More damning observations came from Bermuda's minister of finance, Bob Richards, who called the blacklist "unjustified and baseless," adding: “The criterion for inclusion was if 10 or more EU member states had listed a country on their national black-list. 11 EU Member States have Bermuda on their national black-list.
 
“Bermuda has signed a large number of tax information exchange agreements with countries around the world and today has 80 treaty partners because of signing the Multilateral Tax Convention (a multilateral TIEA).
 
“Those 80 partners include all G20 countries, all OECD countries except for one, and all EU countries except for two because those three countries have not yet signed the international standard on tax matters, the Multilateral Convention.

"At least five of those 11 EU member states that have us on their national blacklist have not performed their obligations in one way or the other. Two of the five [have still] to give beneficial recognition to the Multilateral Tax Convention in their blacklist criteria, one is still in the process of considering recognition of the multilateral convention, one has not kept their promise to send Bermuda documents to sign to take us off their list, one which is one of the two EU member states I earlier mentioned has not even signed up to the Multilateral Tax Convention, and one publicly announced earlier this year that it had taken Bermuda off its blacklist. We have been waiting for their co-operation. It is surprising then that we would be labelled as 'unco-operative.'

A jumble of impulses

"A closer scrutiny of this latest development reveals something wrong with this process. Not all EU members agree on how they compile their blacklists. Some are based on a combination of tax transparency concerns and low tax rates; others are triggered by low tax rates alone, and some are triggered by a lack of a tax information exchange agreement."

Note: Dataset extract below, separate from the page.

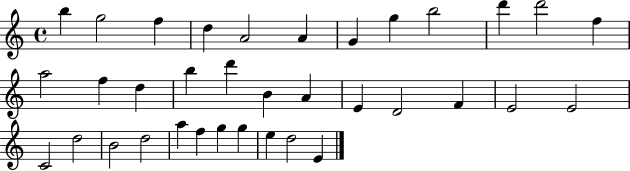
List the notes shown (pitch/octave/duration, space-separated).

B5/q G5/h F5/q D5/q A4/h A4/q G4/q G5/q B5/h D6/q D6/h F5/q A5/h F5/q D5/q B5/q D6/q B4/q A4/q E4/q D4/h F4/q E4/h E4/h C4/h D5/h B4/h D5/h A5/q F5/q G5/q G5/q E5/q D5/h E4/q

He went on to say that any national list whose trigger included low or no income tax should be disqualified, as a sovereign state's determination of its own level of income tax was quite all right according to the UN, the World Trade Organisation, the International Monetary Fund, the Organisation for Economic Control and Development and the Group of 20 Industrialised Nations (actually a group of 19), adding: "If there had been [any] consultation we would have had the opportunity to point out that at least 5 of the 11 countries named as black-listing Bermuda had either not performed their obligation required to consummate a tax information exchange agreement with Bermuda or had failed to keep their promise made to Bermuda to amend their legislation to remove us from their blacklist.”

The London Independent reports: "The [European] Commission says the current corporate tax rules in the EU date from the 1930s and that a company operating across borders in the EU pays on average 30% less tax than a company operating in only one." This is as maybe, but the fact remains that the EU has thrown itself into a fight against (essentially legal) tax avoidance, spearheaded by the UK.

Then comes the criticism from Guernsey, a jurisdiction that was placed on the list without being joined by its sister-jurisdiction of Jersey. The Lawyer, a British magazine, claims that it was included 'by accident.'

Jonathan Le Tocq, the first minister of the isle, thought it disingenuous of the commissioner in charge of the blacklist, Moscovici, to have enthused about Guernsey just over a month ago, only to oversee its blacklisting now. He pointed out that his island was ahead of many EU countries in 'tax transparency' and co-operation and was going to be an 'early adopter' of the Common Reporting Standard (unlike the EU's Austria) and therefore was "well ahead of the full EU 28."

Achievements overlooked

The island government also feels aggrieved at not having been given credit for voluntarily adhering to the principles of the Code of Conduct on Business Taxation, which has been formally endorsed by the Code Group, or for volunteering to follow the EU Savings Directive and for exchanging information voluntarily from 2011 onwards. This means that information relating to accounts held in Guernsey by individuals resident in any EU Member State is now automatically sent to their home jurisdiction each year.

The EU blacklist is a sort of consolidation of national tax blacklists as they stood six months ago and includes any jurisdiction on 10 or more member states’ lists. Guernsey, however, is only on 9, though it is included because Sark – for which it has no legal responsibility in tax matters – appears on another blacklist. Needless to say, the island's government is accusing Moscovici of being arbitrary and inconsistent. The Isle of Man and Gibraltar, both nowhere to be seen on the EU blacklist, are also on 9 national ones.

Tax Justice, meanwhile, has commented that tax-haven blacklists "tend to include ‘minnows’ but not the big fish."